|Photo by GlynLowe|
Personally, I have been wrestling with the idea of priorities for some time. How do we establish missionary priorities? How does a mission agency, denomination, or church decide where to engage in missions first? In coming days, I hope to share some thoughts on this and how we've made some specific application in Chicagoland. For today, however, I wish to commend to you the work of a couple great missiological thinkers and friends who have attempted to create their own global mission priority lists. Here they are with some commentary:
1. Mission Top Ten - by Tim Schultz
Tim provides a list of 10 nations or regions of the world most in need of "apostolic missionary work". His list is heavily inspired by Operation World and includes places like Japan, Bangladesh, and Russia. Tim also includes the United States especially because of diaspora movement which is bringing in large numbers of unreached peoples into the country.
2. Nine Urgent Needs for Additional Missionaries - by Doug Nichols
Doug has provided us with a different kind of priority list which focuses on various types or categories of peoples rather than specific geographical regions. Here we see his call for more missionaries among unreached peoples, orphans, trafficking victims, Bibleless peoples and more. Doug also lists diasporas as one of his top nine urgent needs.
You can find other lists like these around the web, but I have a great appreciation for these two examples.
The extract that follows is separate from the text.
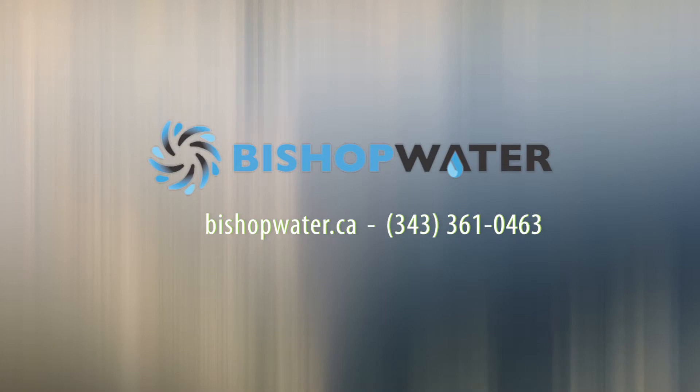Visit our website at bishopwater.ca and contact us to discuss the advantages of the Bishop Solids Management Solution for your lagoon sludge clean-out.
Whether we are looking at the entire globe or a local city, missionary leaders must be able to look at their fields and prayerfully analyze them in this way. Consider the following:
Who are the people groups who currently have the least access to the gospel? Who have the fewest churches or believers? Whom no one is trying to reach?
What parts (geographical) of your mission field are least-engaged?
In which parts of society are sin and Satan causing the most destruction? How are people hurting? How are they being oppressed?